| Exercise instructions |
Exact copies of the lines below, from the one with "Know Your Employees" up to and including the one with "Diesen Aschenplatz am", are what this calls for; leave out pictures.

| Records for the task |

[Start of section]

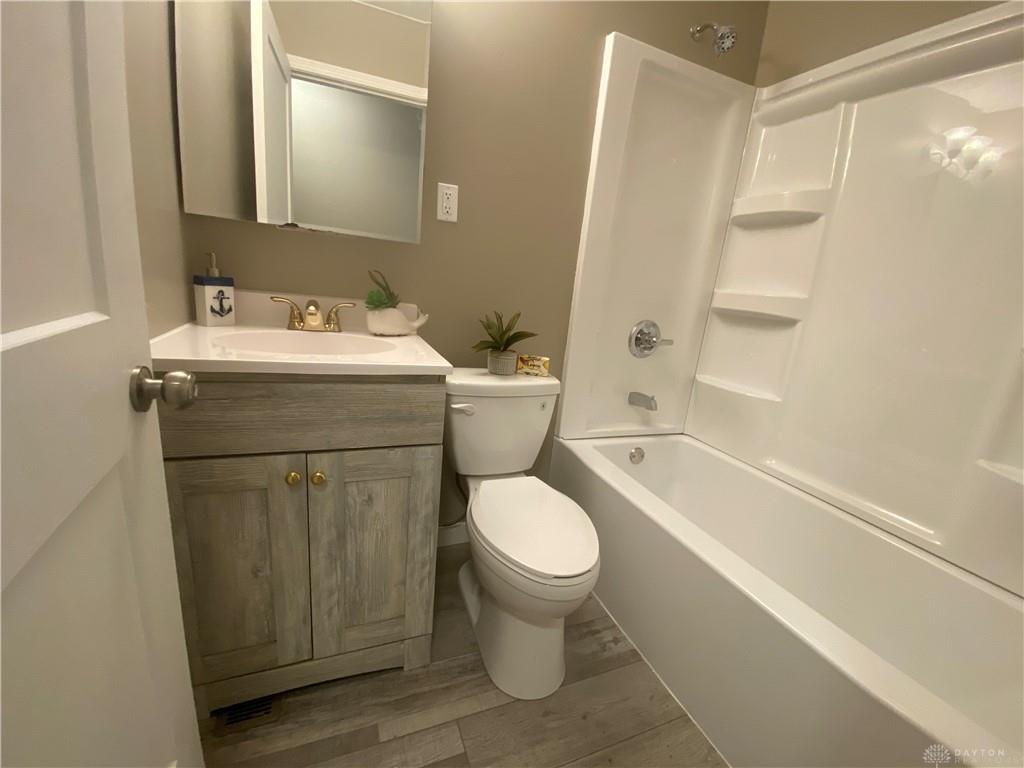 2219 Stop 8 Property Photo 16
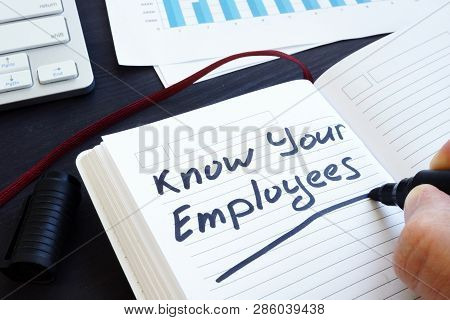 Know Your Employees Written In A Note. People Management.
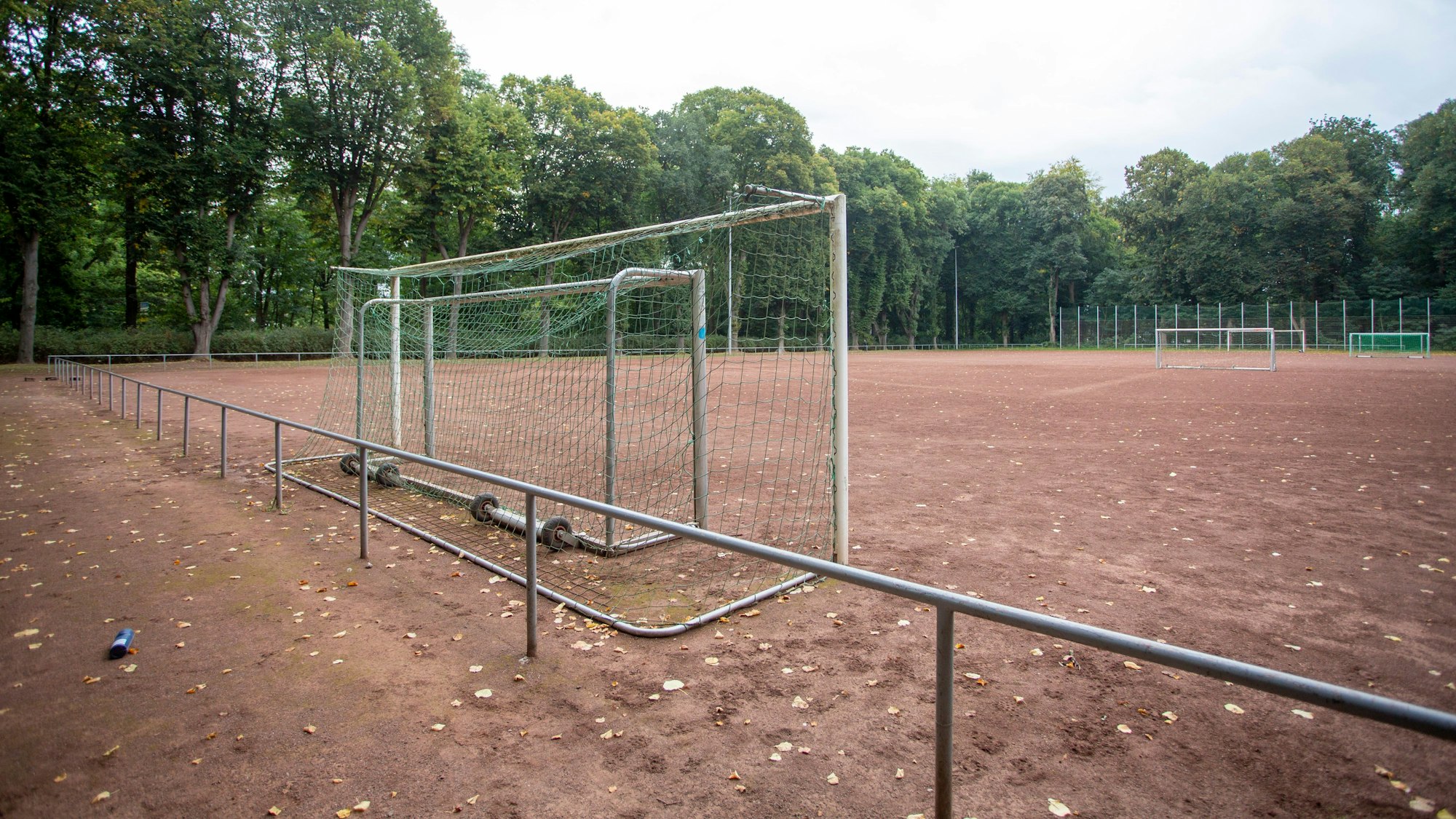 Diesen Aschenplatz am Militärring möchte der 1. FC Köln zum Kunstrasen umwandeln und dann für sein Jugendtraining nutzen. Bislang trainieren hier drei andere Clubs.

[End of section]
[Start of section]

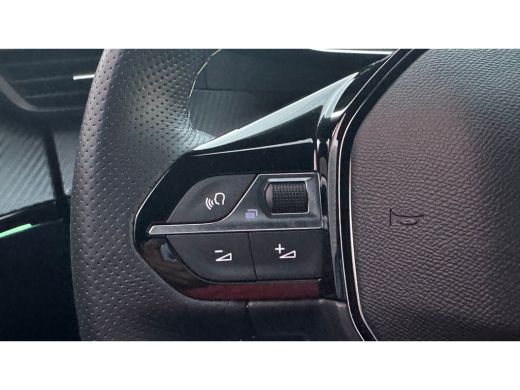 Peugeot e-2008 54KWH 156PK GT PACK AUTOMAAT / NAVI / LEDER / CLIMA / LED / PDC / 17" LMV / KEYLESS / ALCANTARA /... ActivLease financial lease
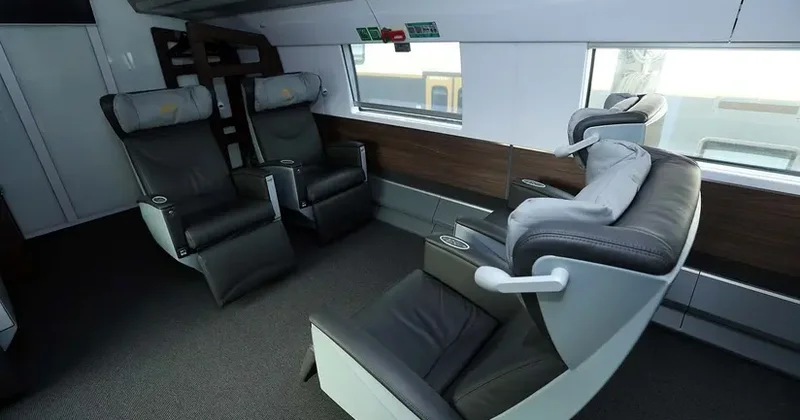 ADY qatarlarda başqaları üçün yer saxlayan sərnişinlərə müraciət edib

[End of section]
[Start of section]

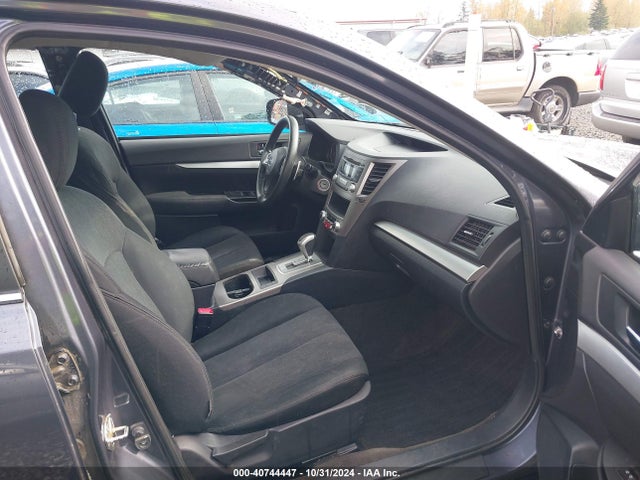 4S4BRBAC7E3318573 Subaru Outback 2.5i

[End of section]

| Answer to this problem |
 Know Your Employees Written In A Note. People Management.
 Diesen Aschenplatz am Militärring möchte der 1. FC Köln zum Kunstrasen umwandeln und dann für sein Jugendtraining nutzen. Bislang trainieren hier drei andere Clubs.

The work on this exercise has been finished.